Il venait d’être nommé par Jacques Chirac
à la tête de la commission de réflexion sur la laïcité qui
proposera quelques mois plus tard une loi interdisant les « signes
ostensibles » dans les établissements scolaires. Une
religion a-t-elle des « sentiments », des « comportements » ?
Donne-t-elle une « image d’elle-même » ?
On objectera que M. Stasi veut parler ici des « musulmans »
et non de leur religion. C’est pourtant bien ce dernier terme
qu’utilise à plusieurs reprises le président de la commission
« pour la laïcité dans la République », dans cette
interview « relue et amendée » par lui.
Ce glissement sémantique pose problème. Sa
banalité plus encore. Si Bernard Stasi avait parlé des « musulmans »,
la contradiction aurait sans doute été plus apparente : les
musulmans donnent-ils une image d’eux-mêmes ? Et
comment cette image serait-elle « donnée » ?
Pourquoi ramener la diversité évidente des musulmans à une
« religion » d’un seul bloc, identifiée de surcroît
à un collectif potentiellement dangereux, puisqu’elle serait
susceptible de « comportement agressif » ?
L’identité des personnes supposées composer ce collectif
peut-elle d’ailleurs se réduire à leur qualité de « musulman » ?
Et de quels « musulmans » parle-t-on, au juste ?
C’est à ces questions que nous tenterons
ici d’apporter des réponses. Nous nous sommes penchés pour
cela, pendant de longs mois, sur les discours tenus sur l’« islam
de France » – et, au-delà, sur l’« islam »
en général – à la télévision française depuis trente ans.

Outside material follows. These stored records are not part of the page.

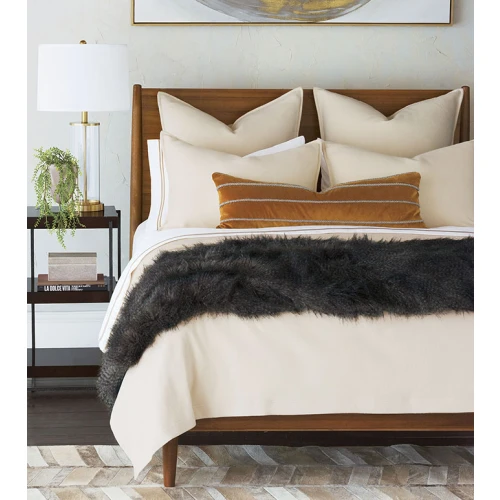 Decorative Accessories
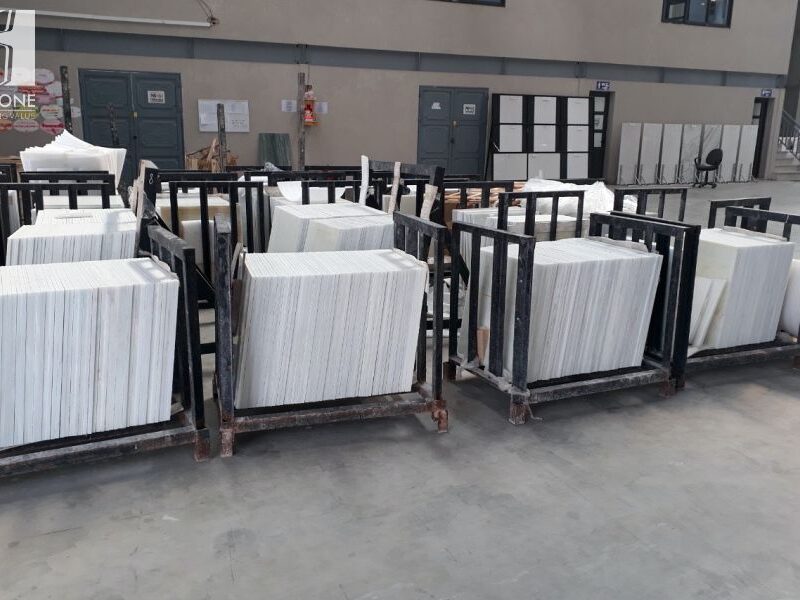 hsstone.vn 18571020ee461a18435739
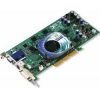 SVGA 128MB <AGP> DDR PNY VCQ4980XGL (RTL) DUAL DVI <NVIDIA QUADRO4 980 XGL>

Que disait-on dans les années 1970 de ces musulmans de France qui
font aujourd’hui presque quotidiennement la une de l’actualité ?
Pas grand-chose, en réalité. On commençait certes à parler de
l’« islam » dans le monde et des « immigrés »

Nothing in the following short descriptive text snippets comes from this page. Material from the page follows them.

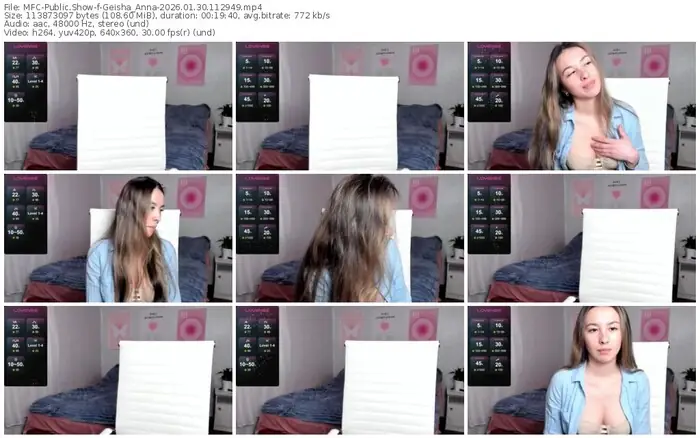 2026/01/30/mfc-geisha_anna-11-29-49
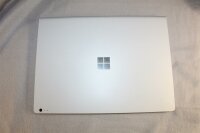 Microsoft Surface Book 2,Intel Core i7-8650U,8GB...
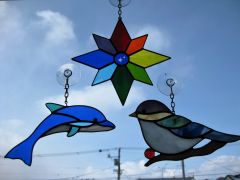 函館市のクラフト 工芸ランキングtop10 じゃらんnet 函館市のクラフト 工芸ランキングtop10 じゃらんnet
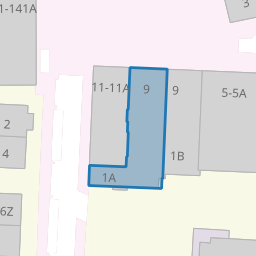 Perceel EMD01-A-3411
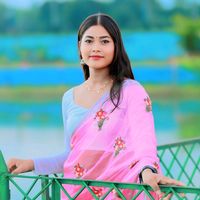 sarojachy230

en France, mais l’« islam en France », lui, était
totalement absent… Comment, dès lors, cette question de société
jadis invisible est-elle devenue aussi spectaculaire ?
Principalement grâce à la télévision :
depuis le milieu des années 1970, elle a pris une place considérable
dans le quotidien des Français, qui la regardent en moyenne plus
de trois heures par jour. En 1960, 13 % des ménages possédaient
un téléviseur, ils étaient 84 % en 1975. Une époque
ancienne où la société française découvrait une autre
nouveauté : l’immigration, en particulier celle originaire
de l’ancien Empire colonial.
Entre la décolonisation et la mondialisation
actuelle, c’est à travers la télévision que les Français ont
redécouvert les « musulmans » : « travailleurs
étrangers » jadis, « Français musulmans »
aujourd’hui… comme du temps de l’Algérie française. Ce
livre a pour ambition de rendre compte de cette évolution.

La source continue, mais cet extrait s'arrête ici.